How I’d implement this:
Provide a rubric with clear pass/fail examples.
Provide the full context, including retrieved snippets and the tool plan.
Require a short, grounded reason.
Output a verdict as pass or fail, or a named category.
Once judging is stable, I run it continuously in production.
Continuous Evaluation In Production Is Where Reliability Compounds
Continuous evaluation is where reliability compounds. Monitoring is the keystone because it captures the real distribution, including the unknown unknowns, and turns them into something the team can act on.

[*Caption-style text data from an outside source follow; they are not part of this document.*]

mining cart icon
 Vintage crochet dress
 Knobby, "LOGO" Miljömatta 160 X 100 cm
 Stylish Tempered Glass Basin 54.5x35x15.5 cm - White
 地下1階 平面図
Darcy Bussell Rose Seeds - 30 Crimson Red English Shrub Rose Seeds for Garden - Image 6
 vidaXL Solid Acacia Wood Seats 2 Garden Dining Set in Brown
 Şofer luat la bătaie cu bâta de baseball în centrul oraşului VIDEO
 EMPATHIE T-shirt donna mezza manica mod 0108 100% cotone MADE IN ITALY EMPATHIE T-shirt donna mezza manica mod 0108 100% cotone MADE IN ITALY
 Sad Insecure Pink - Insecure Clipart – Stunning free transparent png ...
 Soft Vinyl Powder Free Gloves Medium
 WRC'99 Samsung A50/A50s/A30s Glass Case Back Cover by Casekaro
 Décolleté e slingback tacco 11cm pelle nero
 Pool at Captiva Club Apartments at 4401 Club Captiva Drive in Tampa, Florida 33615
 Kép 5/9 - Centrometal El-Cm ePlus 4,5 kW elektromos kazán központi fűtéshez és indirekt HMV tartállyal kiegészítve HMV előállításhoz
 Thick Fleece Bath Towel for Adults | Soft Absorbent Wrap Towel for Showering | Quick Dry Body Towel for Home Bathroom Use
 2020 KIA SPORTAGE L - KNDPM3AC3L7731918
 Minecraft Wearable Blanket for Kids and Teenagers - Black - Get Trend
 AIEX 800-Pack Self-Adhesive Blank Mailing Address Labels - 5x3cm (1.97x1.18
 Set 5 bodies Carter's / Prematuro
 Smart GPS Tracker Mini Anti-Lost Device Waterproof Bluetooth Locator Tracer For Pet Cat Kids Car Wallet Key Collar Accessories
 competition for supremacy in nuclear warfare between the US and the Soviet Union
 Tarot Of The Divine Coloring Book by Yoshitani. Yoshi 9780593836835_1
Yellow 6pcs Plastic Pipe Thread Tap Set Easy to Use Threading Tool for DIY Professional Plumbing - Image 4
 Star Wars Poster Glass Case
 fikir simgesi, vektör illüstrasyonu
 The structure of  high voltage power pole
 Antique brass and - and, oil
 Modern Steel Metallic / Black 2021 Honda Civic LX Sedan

I define continuous evaluation as lightweight checks applied to production traces. I do not wait for support tickets to tell me something drifted. I want the system to tell me first. That is the difference between a small regression and a week of silent damage.

I describe running simple checks on every log and getting notified when a silent failure occurs before customers start getting upset. OpenAI makes the same recommendation with continuous evaluation tied to logs and ongoing case collection.
Alerts I treat as first class:
The pass rate dropped on a key rubric.
Token or cost spikes.
Tool call anomalies or policy violations.
Retrieval is empty or of low quality repeatedly.
Latency regressions by model or route.
Key points I’m making:
Monitoring shows the true distribution, not the demo distribution.
Continuous eval catches drift before users notice it.
Reliability improves when failures are made reusable as test cases.
Cost and latency are behavior signals, not only infra metrics.
How I’d implement this:
Monitor traces and sample failures daily.
Convert failures into dataset entries with labels and notes.
Update rubrics when the distribution changes.
Re-run evals on every prompt or model change.
This is what finally makes model switching safe.
The Payoff: Model Switching Confidence And A Minimal System To Start This Week
I keep seeing the same pattern, and it frustrates me. Teams keep paying for better models, but they stay on an old one.
They are not blocked by procurement, but you know, they are blocked by fear.
The fear is rational.
If I change the model, something might break, and I will not know until production tells me.
I call out teams still running older models because they have no way to predict breakage or to validate upgrades with confidence.
That is a reliability problem, not a model selection problem.
The fix is not a perfect test suite.
The fix is a minimal system that combines evaluations and monitoring.
Evaluations give me a regression signal on known cases.
Monitoring captures the true distribution and feeds new cases back into the eval set, so the system gets safer over time.
OpenAI frames the same workflow as eval-driven development with continuous evaluation and logging so you can grow your eval set from real traffic.
Key points I’m making:
Model upgrades feel risky when behavior is not measurable.
Monitoring plus evals turns upgrades into controlled changes.
Silent failures show up as drift in cost, policy, and quality.
A small, disciplined loop beats a large, vague framework.
How I’d implement this:
Fixed regression dataset for the core workflows that must never regress.
Rolling dataset from recent traces that reflects current traffic.
Side-by-side comparisons for model and prompt changes before rollout.
Instrument traces.
Curate 20 cases.
Implement 4 to 7 evals.
Add 2 to 3 alerts.
Weekly review and dataset refresh.
If I had to boil this down: the moat is measured improvement through observability and evaluation, not prompt cleverness.